Piszę sam po sobie, bo wątek dawno nie używany, a potrzeba jest. Krótki rzut oka na naszą sondę stwarza okazję do kilku wniosków.
Po pierwsze, zbliżamy sie do 100 głosu oddanego w sondzie. Nawet jeżeli ok. 80% głosów oddał Stefek, to i tak mamy co świętować.
Po drugie, tu ukłon chyba w stronę Leona (jak mniemam na urlopie), ankieta w niniejszym wątku nie odzwierciedla wyników z sondy na stronie głównej.
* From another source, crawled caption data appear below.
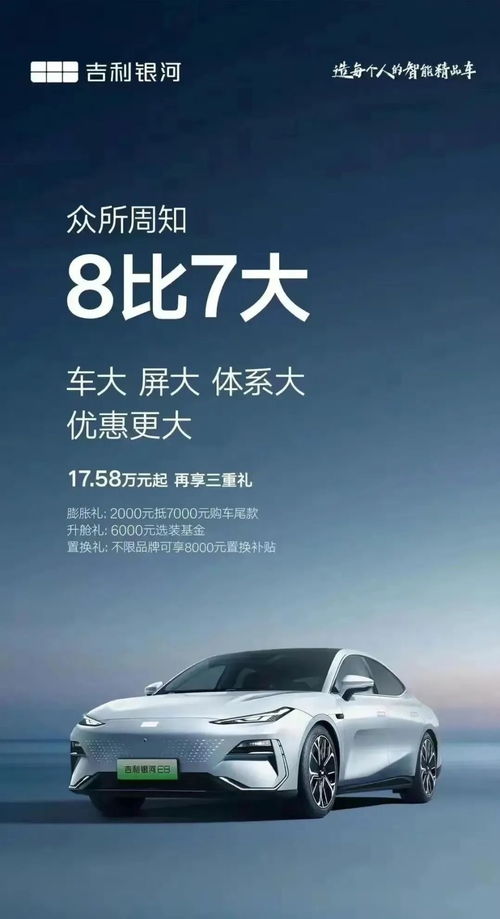 小米YU7亮相，车圈再度燃起竞争热潮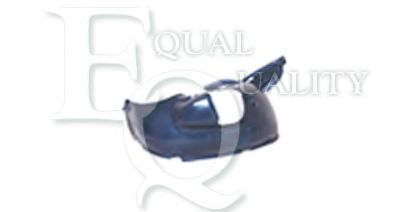 Внутренняя часть крыла EQUAL QUALITY S0437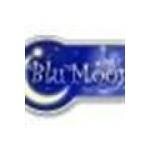 Blumoondesign.com coupons and promo codes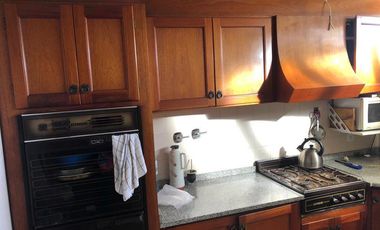 Casa en venta - 3 Dormitorios 3 Baños - Cochera - 1.044Mts2 - Berazategui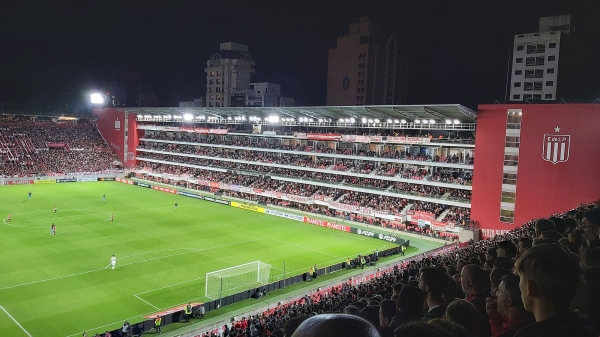 estudiantesgremio020.jpg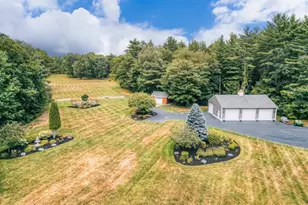 18 Charles St, Manchester, ME 04351 - Photo 21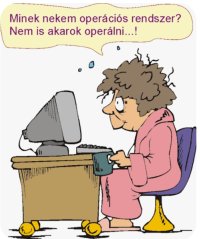 Screenshot_20260427_145009_Samsung Internet.jpg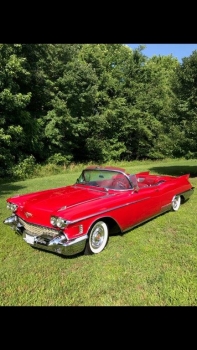 1958 Cadillac Eldorado Biarritz Convertible C1343- Ext 12.jpg
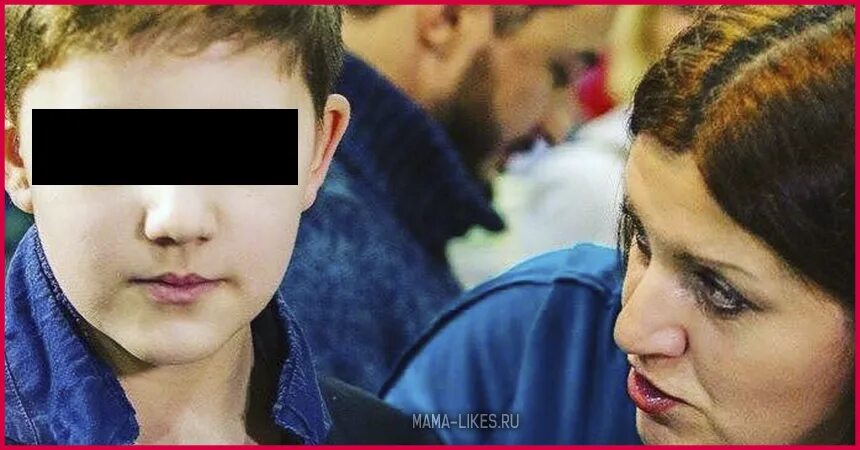 Таскаю за собой синдром восьмиклассника. Синдром восьмиклассника. синдром восьмиклассника в реальной жизни. 14 летние школьники из барнаула. синдром восьмиклассника фото.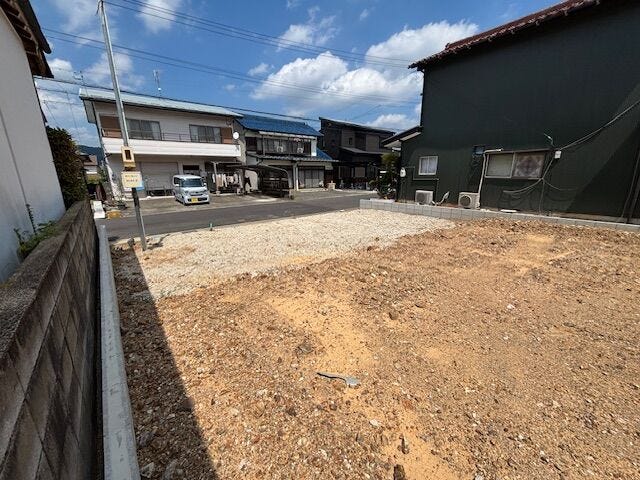 2026.8.25 撮影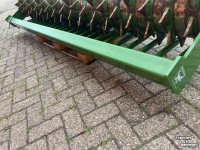 Rouleaux / Rouleaux traînés Amazone Pakkerwals PW 300-500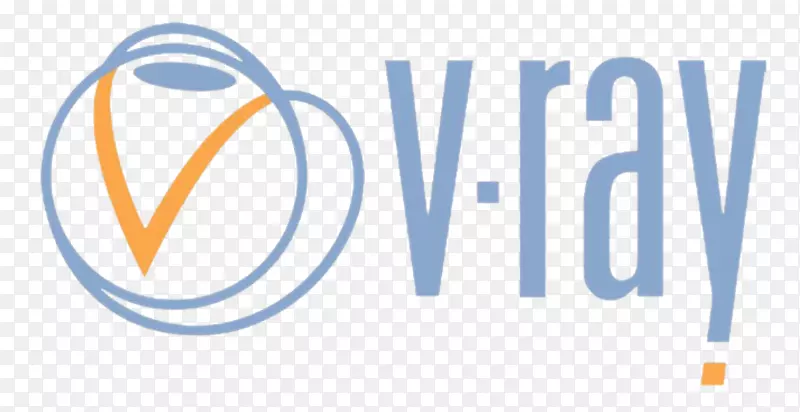 Vray for 3dsMax 解压密码-搞砸网络-www.gaoza.cn
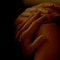 tumblr_lpabhcMEqO1qdaubuo1_500.gif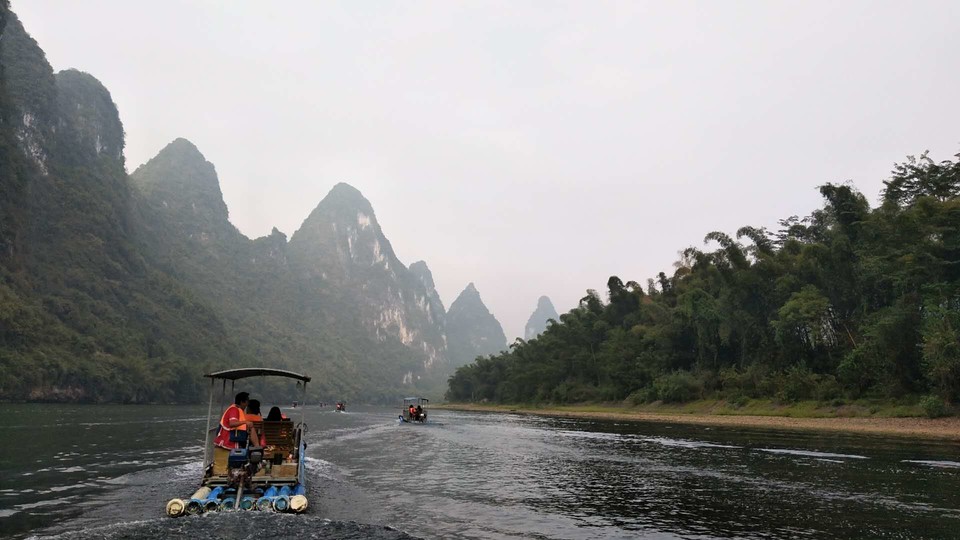 NiF8D5AA7N0dCzO0TFnXJkTq3IywykVQeosgkjLtCUya-9qe6WgfUf04jSAiHIdj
Czy coś da się zrobić, żeby obie się aktualizowały razem?
Po trzecie, ciekawe są wyniki. Może nie te najważniejsze (Dziadek Jacek rules! To oczywiste). Dalej to już jest znakomite pole dla analiz socjologiczno-psychologiczno-patologicznych.
Przede wszystkim dziwi niskie pozycjonowanie przez respondentów Maryli. Przegrywa nie tylko z tym proeuropejskim zboczeńcem panem Słowikowskim (poprawnośc polityczna jedynym europejskim świętym), ale nawet z potwornym mordercą Zachariaszem D. oraz..., o zgrozo, psem Murzynem. Daje to wiele do myślenia na temat psyche ankietowanych.
Podobnie Grzegorz, co prawda szmata, ale było nie było, to on jest głową tego domu! A tu po piętach depczą mu zboczeniec, pies oraz (co bardziej zrozumiałe) kapral Jedziniak. Najdziwniejksze jest jednak to, że niewykluczone, że pierwsza szmata domu może przegrać z drugą, a konkretnie z tą spod zlewu w kuchni. Czyli, jak sie okazuje, nawet szmata szmacie nie jest równa! Czy ktoś chce jeszcze coś wspomnieć o równości społecznej?
Czy są na statku socjolodzy? Nie? To może chociaż jakiś humanista się odezwie i wytłumaczy o co chodzi z tą ankietą?